[Stored items]
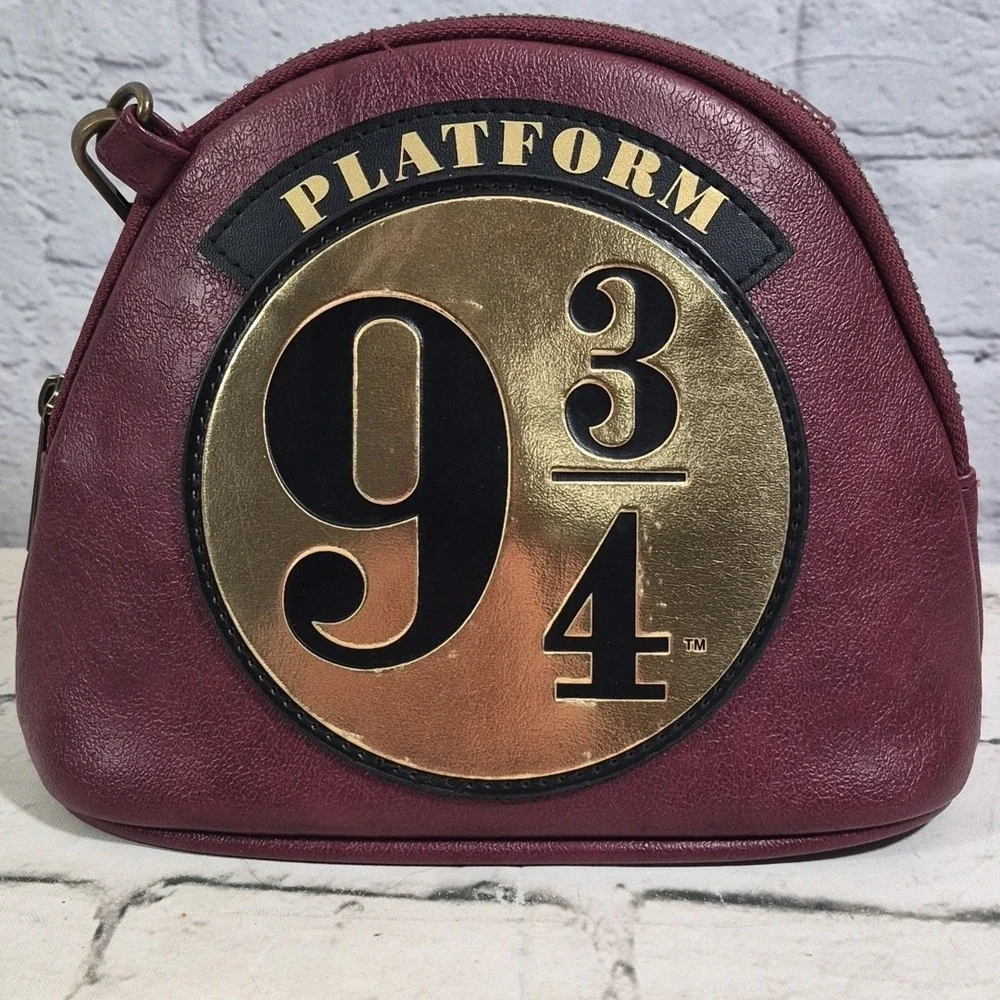 Harry Potter Hogwarts Express Platform 9 3/4 Purse Vegan Leather‎ Dome Crossbody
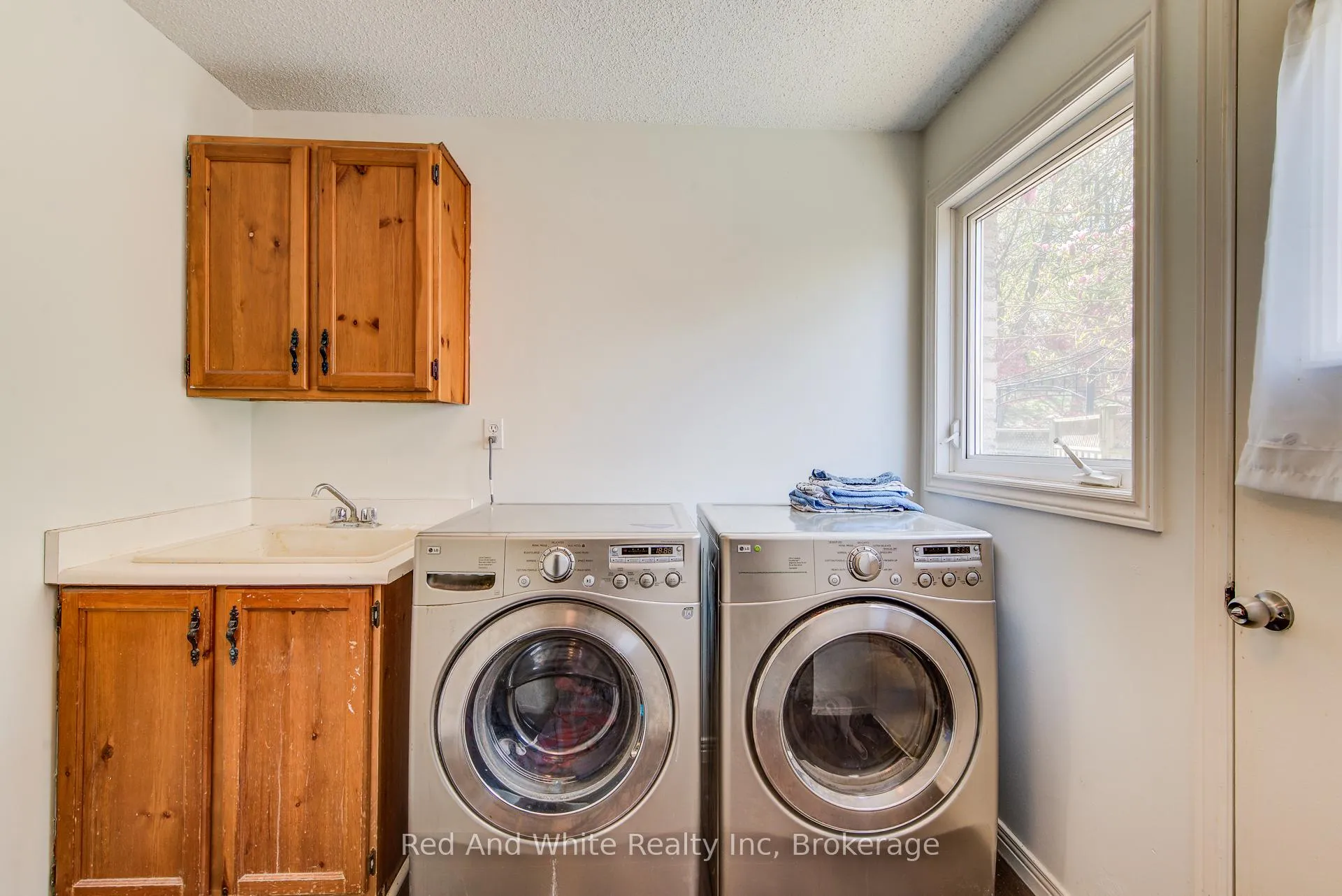 Photo 7 of 13 Gateview Drive, Waterloo, Westvale — HOMEH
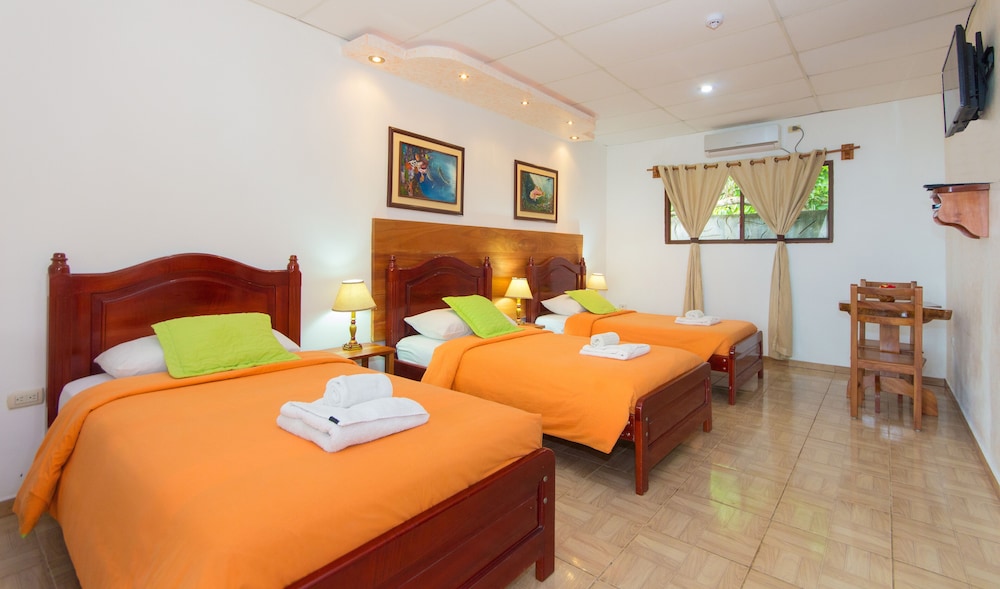 Twin Lodge Galapagos Hotel 17/68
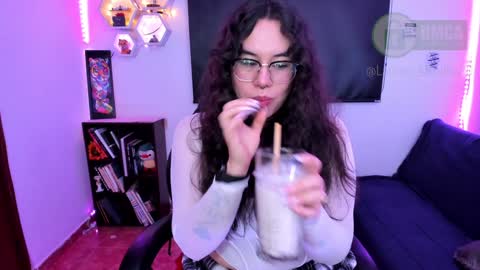 Snapshot of lauren_afrodita chatting on 01-28-25, 05:00 Im Lauren independent model online show from 01-28-25, 05:00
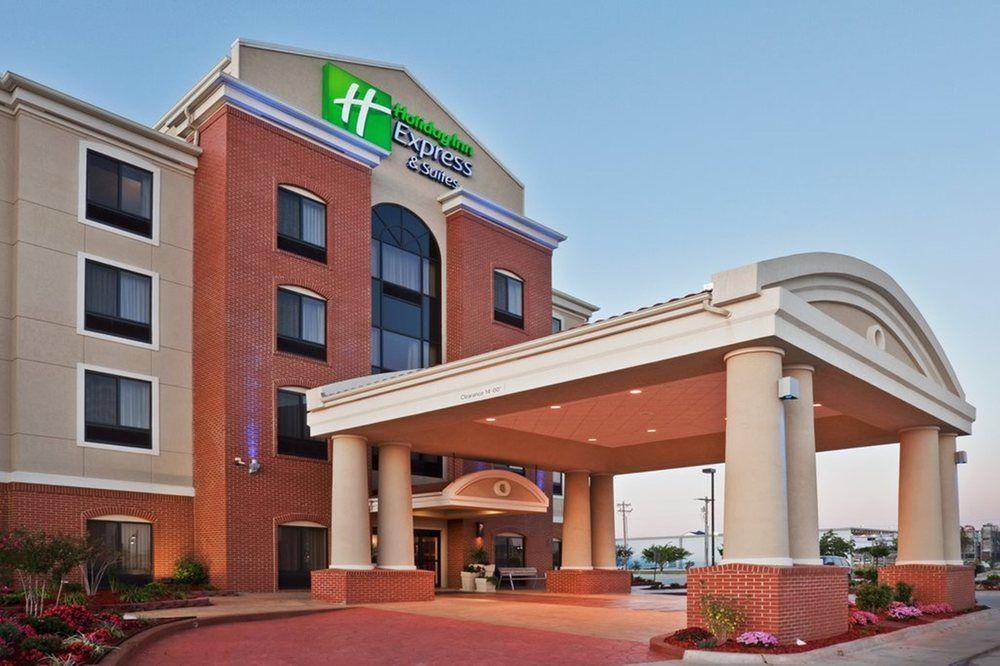 Holiday Inn Express & Suites Great Bend By Ihg Buitenkant foto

## Aim of the task
Retype every record as it stands. None of the pictures should appear.

## Written response
 Harry Potter Hogwarts Express Platform 9 3/4 Purse Vegan Leather‎ Dome Crossbody
 Photo 7 of 13 Gateview Drive, Waterloo, Westvale — HOMEH
 Twin Lodge Galapagos Hotel 17/68
 Snapshot of lauren_afrodita chatting on 01-28-25, 05:00 Im Lauren independent model online show from 01-28-25, 05:00
 Holiday Inn Express & Suites Great Bend By Ihg Buitenkant foto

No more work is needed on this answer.